Finally, winter is thawing and we can relax and enjoy the warmer temperatures! But summer can be one of the most dangerous times of year, particularly for those who work laborious jobs outside. Workers in construction, landscaping, agriculture, and utilities are all at risk for heat illnesses. And they can affect anyone, regardless of age or physical fitness. Workers need water, rest, and shade. Here’s how you can protect your workers and your business this summer.

4 Ways You Should Be Addressing Summer Safety

Know the risks

If your employees are physically exerting themselves in high temperatures, they risk heat stress and related illnesses—heat strokes, exhaustion, and cramps. When the core body temperature rises to critical levels, it’s important to watch for the signs of heat stress. This includes cramps, chest pain, dizziness, headaches, heavy perspiration, moist and clammy skin, labored breathing, muscle cramps, nausea, rapid heartbeat, and feeling weak or lightheaded. These can have very serious consequences, including death.

Understand your responsibility

According to Occupational Safety and Health Administration law, you, the employer, are responsible for ensuring that your employees are safe from known safety hazards and this includes extreme heat. If your workers are exposed to high temperatures, you should establish a heat illness prevention program.

Protect your workers

Encourage your workers to be fully hydrated when they arrive at work and to continue to hydrate throughout the day. They should refrain from caffeine and alcohol as these can further the effects of dehydration. OSHA recommends employers provide one pint of water per worker, per hour. Have your workers wear loose-fitting, breathable cotton clothing, sunglasses, hats, and sunscreen. Ensure frequent breaks in shaded or cooled areas. Allow your workers to perform the more labor-intensive tasks early in the morning or in the evening, when the sun isn’t as severe. Consider using fans, misters, coolers, screens, and umbrellas to create shade outside. Make sure your employees are trained about the hazards of heat stress and how to prevent them.

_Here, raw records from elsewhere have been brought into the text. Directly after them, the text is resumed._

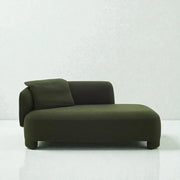 Azmire Fabric Upholstery Daybed/Chaise
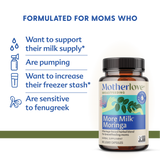 More Milk® Moringa - Liquid Capsules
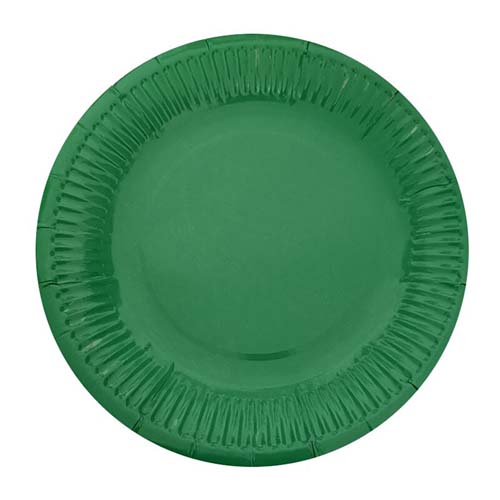 Round Disposable Dinner Plates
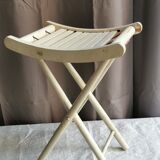 Vintage folding stool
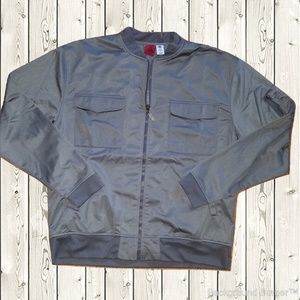Thug Brand Vintage Jacket | 2XL | Gray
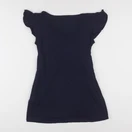 Envie de fraise - tee-shirt allaitement, grossesse bleu - 38 à 40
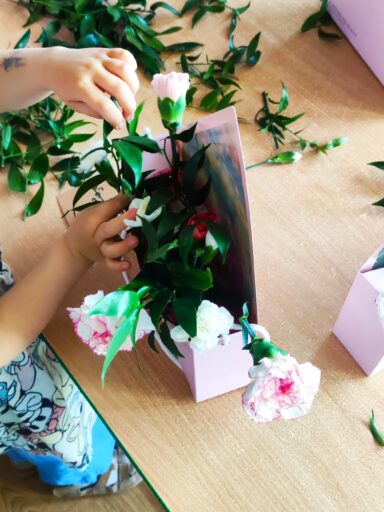 flowerbox warsztaty w przedszkolu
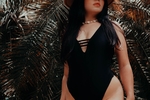 The woman in the hat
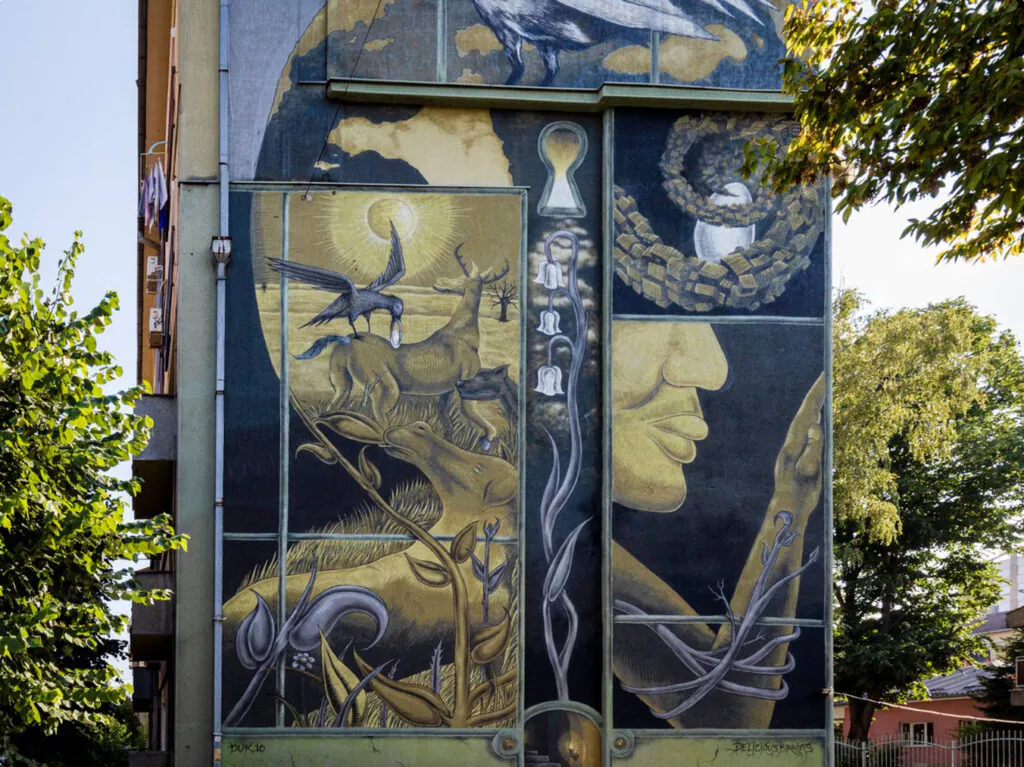 dukDB - Meeting of Styles: International Street Art & Graffiti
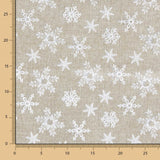 Juta Natal Estampado Estrelas Brancas - Ribes y Casals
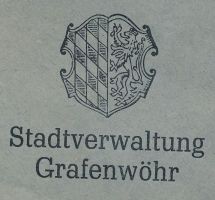 Wappen von Grafenwöhr / Arms of Grafenwöhr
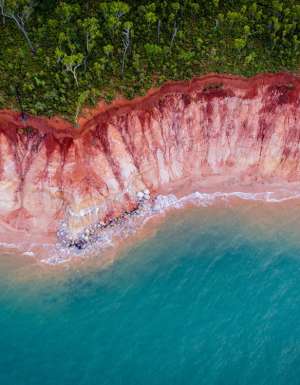 Tiwi Islands Aerial View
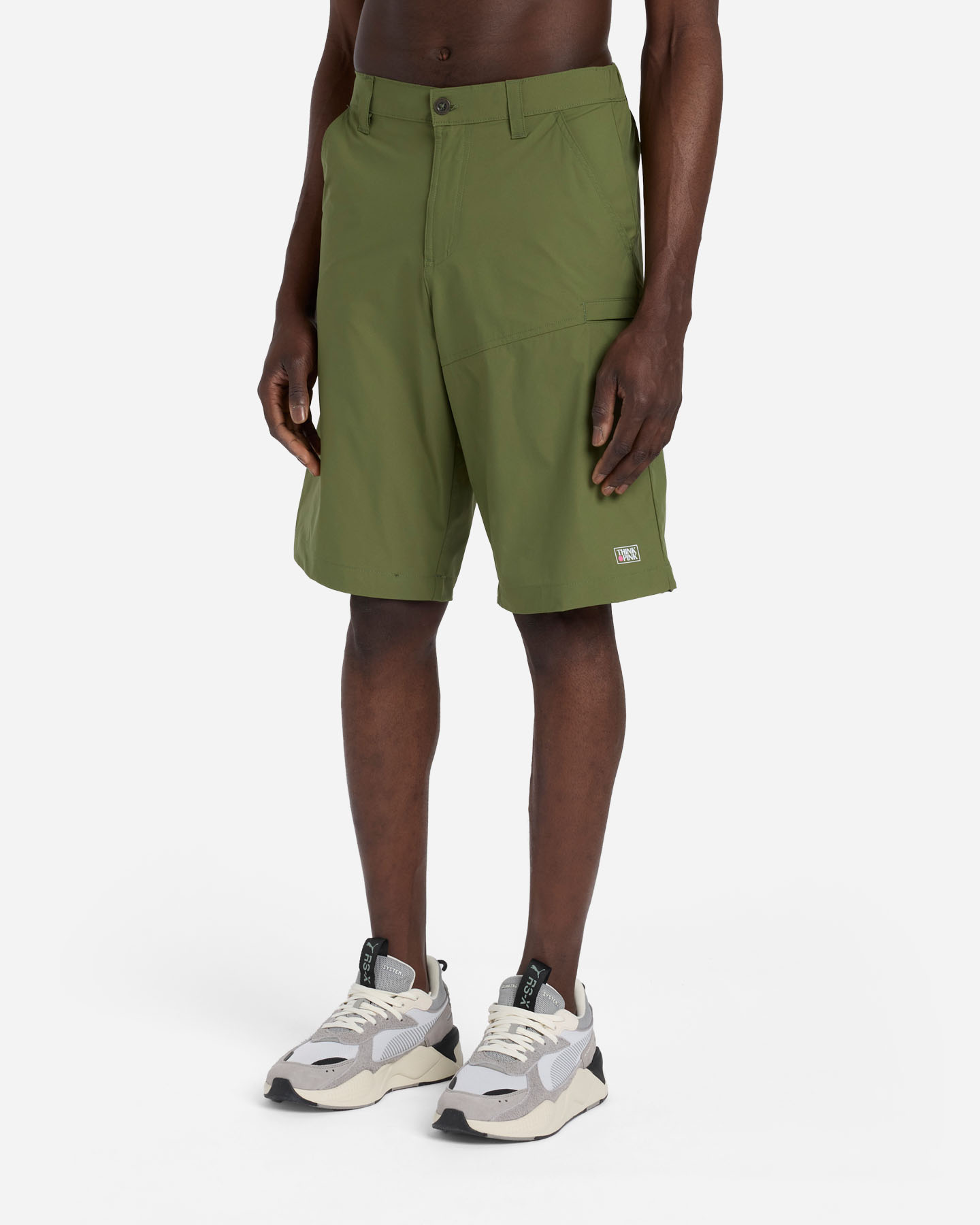 Bermuda THINK PINK GOPCORE M - Verde - 3 | Cisalfa Sport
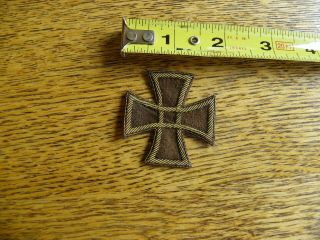RARE CIVIL WAR 5TH CORPS BADGE GOLD EMBROIDERED 3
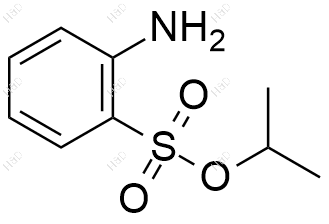 多替诺德杂质77结构式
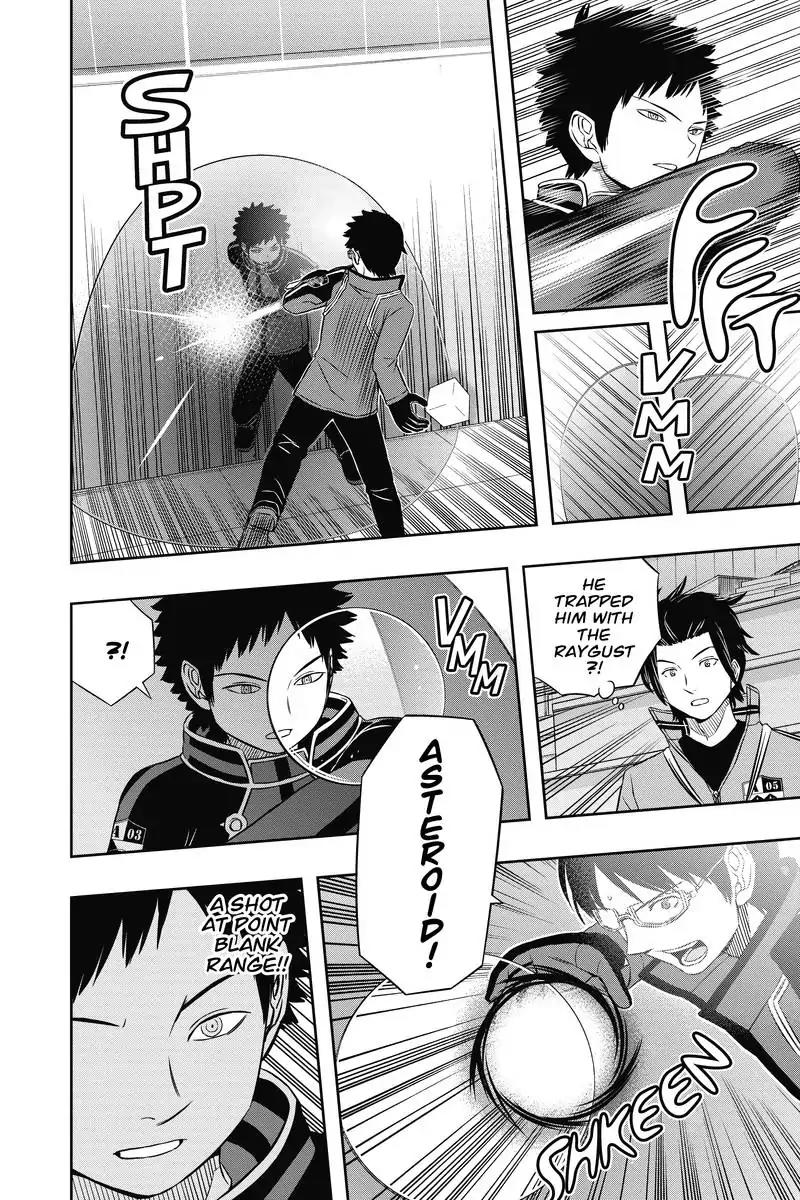World Trigger chapter 36 page 19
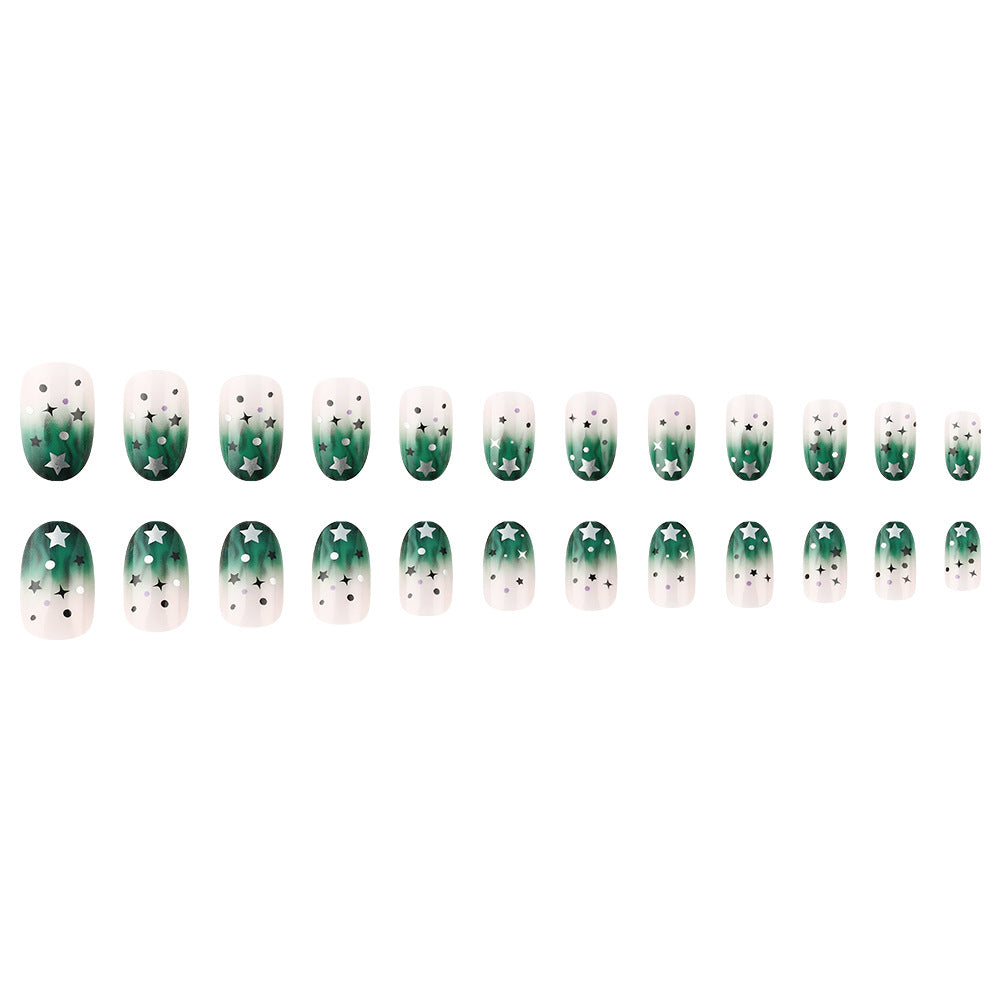 Künstlerisches Gel-Nageldesign Brehn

They should know what to do if they feel ill and how to spot signs of illness in their colleagues.

Protect your reputation

When you prioritize workplace safety, you’re showing your employees that you care about them, which attracts good workers. Workplaces with good safety records and health leadership initiatives are usually rated as better places with more satisfied, engaged employees. There’s less turnover and higher productivity. So, prepare your company and your employees for the scorching summer heat! You’ll add value to your business and boost your ability to attract, retain, and recruit skilled workers.